The Tigers fell two games behind first-place Kansas City in the AL Central - and now trail Seattle by a half-game for the second wild card.
The Giants scored six runs in three innings against Rick Porcello (15-10) and led 6-0 when a severe storm came through downtown Detroit, delaying the game for 2 hours, 42 minutes.
When play resumed, Peavy (4-4) stayed in. He allowed two unearned runs in the fifth, but that was it.
''You just listen to your body. I felt good,'' Peavy said. ''Tonight was a big one. Every game's big. We know that.''
Playing in Detroit for the first time since winning the World Series there in 2012, the Giants scored a run in the first, three in the second and two in the third. Porcello allowed five earned runs and 10 hits in three innings, and also dealt with an injury scare when a comebacker by Brandon Crawford hit his right foot in the third.
''The ball hit me between the ankle and the heel, and it's sore, but I'll be fine,'' Porcello said. ''It isn't going to be a problem.''
Porcello stayed in the game and got the third out of the inning. After the Tigers batted in the bottom half, the heavy rain moved in.
Sandoval's solo homer in the sixth - his 16th of the year - made it 8-2.
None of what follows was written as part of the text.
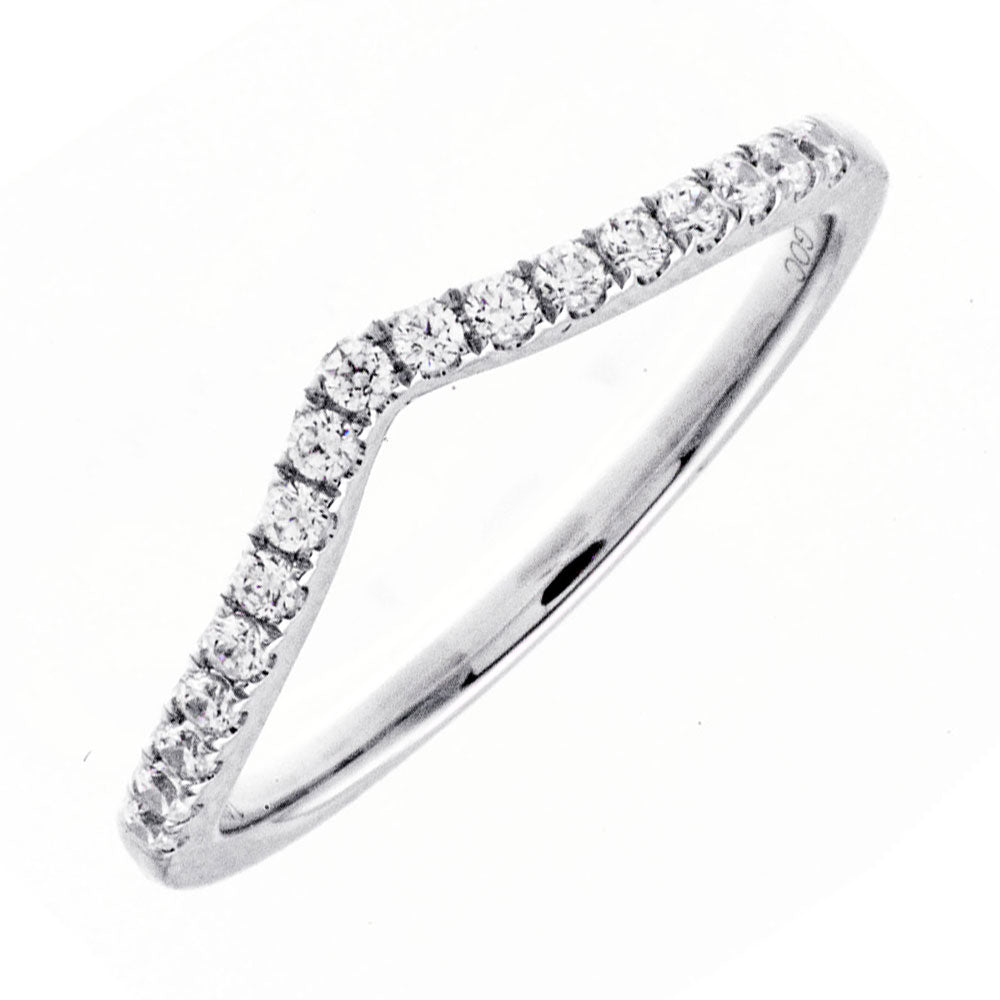 14Kt White Gold Diamond 1/5Ctw Ring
San Francisco opened the scoring on Sandoval's RBI single in the first, and Travis Ishikawa added one of his own in the second. Angel Pagan's run-scoring groundout made it 3-0, and Joe Panik's infield single brought another run home.
Panik actually made the third out on that play in strange fashion. Second baseman Ian Kinsler's throw got past first base, but catcher Bryan Holaday was backing it up. He threw to first, and Panik - who appeared to have turned ever so slightly toward second after overrunning first - was tagged out.
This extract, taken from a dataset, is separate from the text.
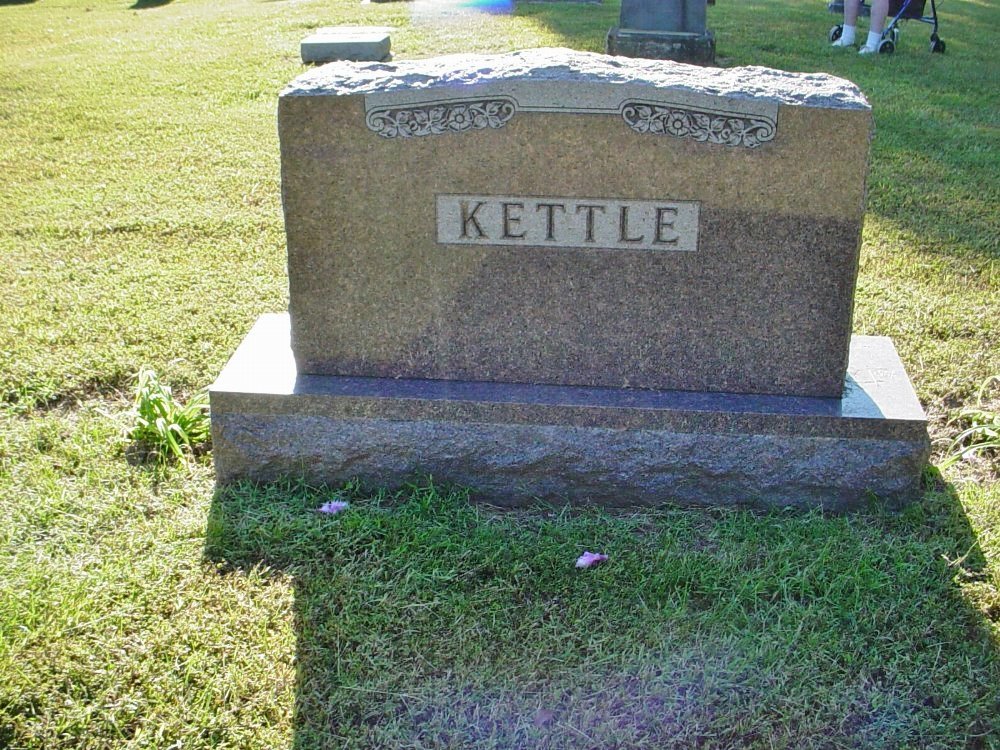  Kettle Family Headstone Photo, Unity Baptist Church Cemetery, Callaway County genealogy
Peavy allowed six hits and struck out three.
HEAVY RAIN
After San Francisco's early barrage of hits, it became clear that the biggest threat to the Giants on this night would likely come from the weather. The game wasn't official yet when the delay started.
''If you looked at the radar, it wasn't pretty. We finally got a window there to get things going,'' Bochy said. ''It was a long wait, but well worth it. The last thing we wanted to do was start this thing over.''
With debris sailing around in the wind, the Detroit grounds crew overcame difficult circumstances to put the tarp on the field. Head groundskeeper Heather Nabozny injured her right knee and had to have an MRI. The team said she is out indefinitely.
EARLY EXITS: Saturday's game will start less than 13 hours after Friday's ended, and Detroit manager Brad Ausmus said he sent some of his players home after they were subbed out of Friday's loss.
''I told the guys that I took out of the game to go home and try to get some sleep with another game coming so soon,'' he said.
TRAINER'S ROOM
Giants: OF Michael Morse (strained oblique) received a cortisone injection, and the Giants hope he can return for the team's next series, at home against Arizona.
Tigers: RHP Joakim Soria threw off a mound and hopes to throw batting practice Monday as he works his way back from a strained left oblique.
UP NEXT
San Francisco will send LHP Madison Bumgarner (16-9) to the mound Saturday. Detroit counters with LHP David Price (13-10), who has a career-high 232 strikeouts this season.